**WHAT IS EXPECTED:** Exact copies of the lines below, from the one with "Ayyildiz Laagpolig vloerkleed, abstract" up to and including the one with "Bouilloire électrique portable", are what this calls for; leave out pictures.

**THE DATA:**
-- Opening Marker --
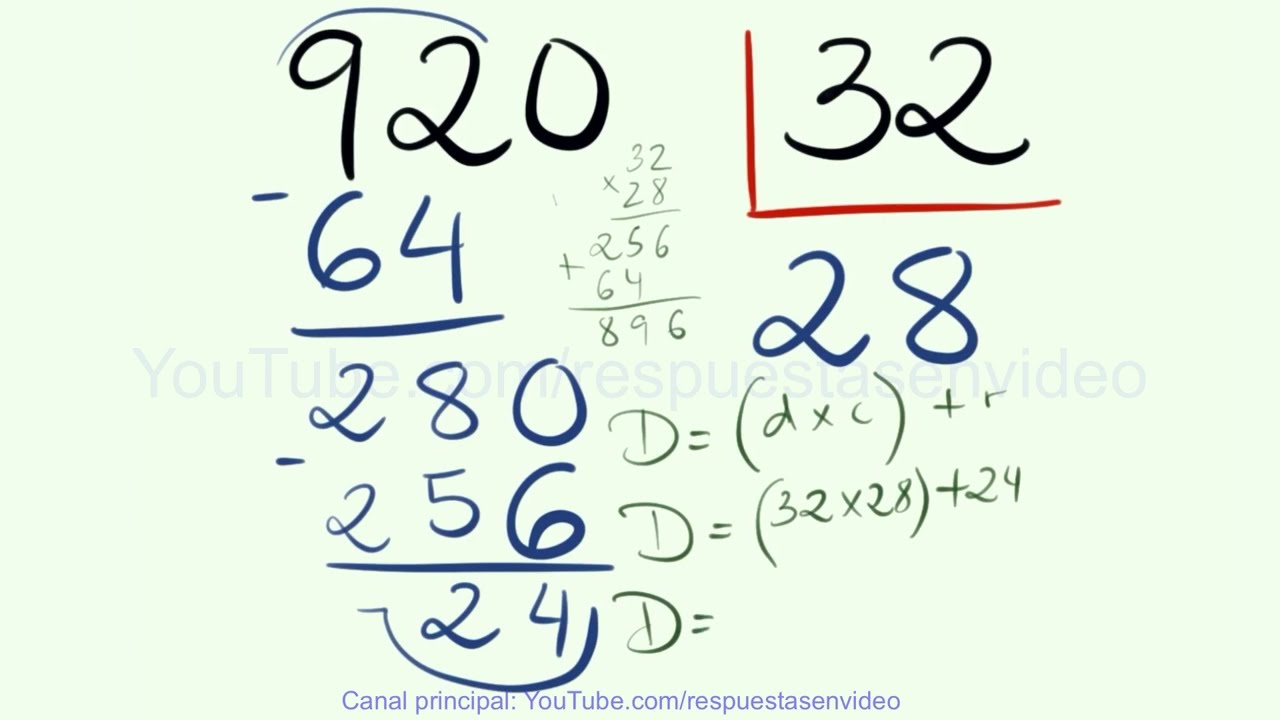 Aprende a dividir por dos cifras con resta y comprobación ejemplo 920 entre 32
-- Closing Marker --
-- Opening Marker --
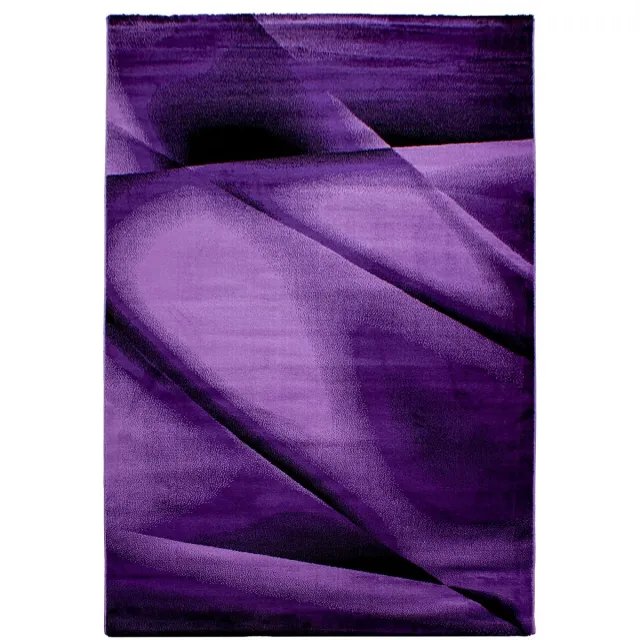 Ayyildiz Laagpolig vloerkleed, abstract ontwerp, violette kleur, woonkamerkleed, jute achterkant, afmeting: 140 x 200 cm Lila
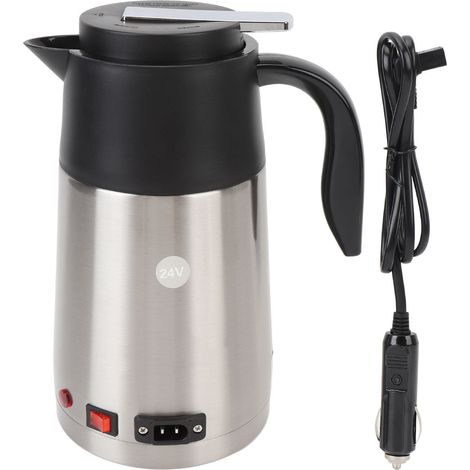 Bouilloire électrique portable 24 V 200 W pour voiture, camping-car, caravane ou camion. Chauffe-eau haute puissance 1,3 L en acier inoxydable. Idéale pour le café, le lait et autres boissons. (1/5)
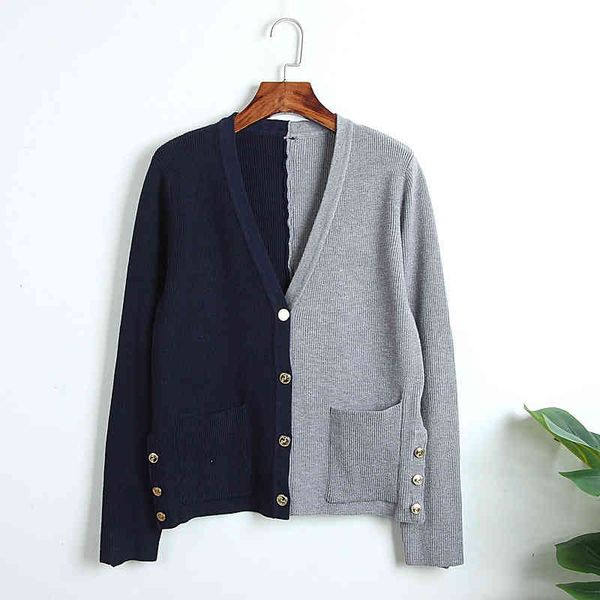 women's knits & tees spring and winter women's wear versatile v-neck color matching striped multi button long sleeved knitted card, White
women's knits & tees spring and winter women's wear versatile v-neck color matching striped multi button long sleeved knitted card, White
-- Closing Marker --
**TASK OUTPUT:**
 Ayyildiz Laagpolig vloerkleed, abstract ontwerp, violette kleur, woonkamerkleed, jute achterkant, afmeting: 140 x 200 cm Lila
 Bouilloire électrique portable 24 V 200 W pour voiture, camping-car, caravane ou camion. Chauffe-eau haute puissance 1,3 L en acier inoxydable. Idéale pour le café, le lait et autres boissons. (1/5)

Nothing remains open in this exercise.